## Dataset content
--------
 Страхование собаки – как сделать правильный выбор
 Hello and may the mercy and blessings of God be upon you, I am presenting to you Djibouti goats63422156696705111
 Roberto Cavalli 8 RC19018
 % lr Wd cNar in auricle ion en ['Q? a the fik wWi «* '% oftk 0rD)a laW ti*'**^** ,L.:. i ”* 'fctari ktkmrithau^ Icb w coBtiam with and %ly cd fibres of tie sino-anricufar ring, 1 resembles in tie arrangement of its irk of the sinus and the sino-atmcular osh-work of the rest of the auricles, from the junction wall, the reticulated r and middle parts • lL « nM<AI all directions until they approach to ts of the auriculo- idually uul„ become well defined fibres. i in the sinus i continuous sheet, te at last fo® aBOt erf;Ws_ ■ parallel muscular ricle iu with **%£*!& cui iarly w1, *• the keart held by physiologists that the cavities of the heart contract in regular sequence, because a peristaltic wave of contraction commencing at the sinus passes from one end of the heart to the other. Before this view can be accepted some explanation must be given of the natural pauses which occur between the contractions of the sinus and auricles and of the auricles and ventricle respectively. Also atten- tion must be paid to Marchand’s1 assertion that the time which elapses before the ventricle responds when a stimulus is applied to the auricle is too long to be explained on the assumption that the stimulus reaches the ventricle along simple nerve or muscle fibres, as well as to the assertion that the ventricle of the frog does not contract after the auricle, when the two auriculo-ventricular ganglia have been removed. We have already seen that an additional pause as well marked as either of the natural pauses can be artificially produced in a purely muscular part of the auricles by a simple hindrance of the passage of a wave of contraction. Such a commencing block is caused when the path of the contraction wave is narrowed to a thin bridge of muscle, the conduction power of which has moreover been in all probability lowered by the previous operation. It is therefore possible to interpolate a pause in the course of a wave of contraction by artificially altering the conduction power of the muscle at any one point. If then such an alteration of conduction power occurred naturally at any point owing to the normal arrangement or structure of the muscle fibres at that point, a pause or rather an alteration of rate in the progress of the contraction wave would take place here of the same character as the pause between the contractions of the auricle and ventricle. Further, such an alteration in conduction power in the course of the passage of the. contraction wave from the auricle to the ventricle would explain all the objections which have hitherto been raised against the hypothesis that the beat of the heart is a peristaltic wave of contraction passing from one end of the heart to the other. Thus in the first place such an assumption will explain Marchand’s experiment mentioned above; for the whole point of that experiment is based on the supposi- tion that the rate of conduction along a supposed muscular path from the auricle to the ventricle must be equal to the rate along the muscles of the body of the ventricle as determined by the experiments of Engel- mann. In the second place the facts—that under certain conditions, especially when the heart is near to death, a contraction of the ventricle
--------
## Exercise brief
Repeat the whole of the data above exactly, keeping every word.

## Output
 Страхование собаки – как сделать правильный выбор
 Hello and may the mercy and blessings of God be upon you, I am presenting to you Djibouti goats63422156696705111
 Roberto Cavalli 8 RC19018
 % lr Wd cNar in auricle ion en ['Q? a the fik wWi «* '% oftk 0rD)a laW ti*'**^** ,L.:. i ”* 'fctari ktkmrithau^ Icb w coBtiam with and %ly cd fibres of tie sino-anricufar ring, 1 resembles in tie arrangement of its irk of the sinus and the sino-atmcular osh-work of the rest of the auricles, from the junction wall, the reticulated r and middle parts • lL « nM<AI all directions until they approach to ts of the auriculo- idually uul„ become well defined fibres. i in the sinus i continuous sheet, te at last fo® aBOt erf;Ws_ ■ parallel muscular ricle iu with **%£*!& cui iarly w1, *• the keart held by physiologists that the cavities of the heart contract in regular sequence, because a peristaltic wave of contraction commencing at the sinus passes from one end of the heart to the other. Before this view can be accepted some explanation must be given of the natural pauses which occur between the contractions of the sinus and auricles and of the auricles and ventricle respectively. Also atten- tion must be paid to Marchand’s1 assertion that the time which elapses before the ventricle responds when a stimulus is applied to the auricle is too long to be explained on the assumption that the stimulus reaches the ventricle along simple nerve or muscle fibres, as well as to the assertion that the ventricle of the frog does not contract after the auricle, when the two auriculo-ventricular ganglia have been removed. We have already seen that an additional pause as well marked as either of the natural pauses can be artificially produced in a purely muscular part of the auricles by a simple hindrance of the passage of a wave of contraction. Such a commencing block is caused when the path of the contraction wave is narrowed to a thin bridge of muscle, the conduction power of which has moreover been in all probability lowered by the previous operation. It is therefore possible to interpolate a pause in the course of a wave of contraction by artificially altering the conduction power of the muscle at any one point. If then such an alteration of conduction power occurred naturally at any point owing to the normal arrangement or structure of the muscle fibres at that point, a pause or rather an alteration of rate in the progress of the contraction wave would take place here of the same character as the pause between the contractions of the auricle and ventricle. Further, such an alteration in conduction power in the course of the passage of the. contraction wave from the auricle to the ventricle would explain all the objections which have hitherto been raised against the hypothesis that the beat of the heart is a peristaltic wave of contraction passing from one end of the heart to the other. Thus in the first place such an assumption will explain Marchand’s experiment mentioned above; for the whole point of that experiment is based on the supposi- tion that the rate of conduction along a supposed muscular path from the auricle to the ventricle must be equal to the rate along the muscles of the body of the ventricle as determined by the experiments of Engel- mann. In the second place the facts—that under certain conditions, especially when the heart is near to death, a contraction of the ventricle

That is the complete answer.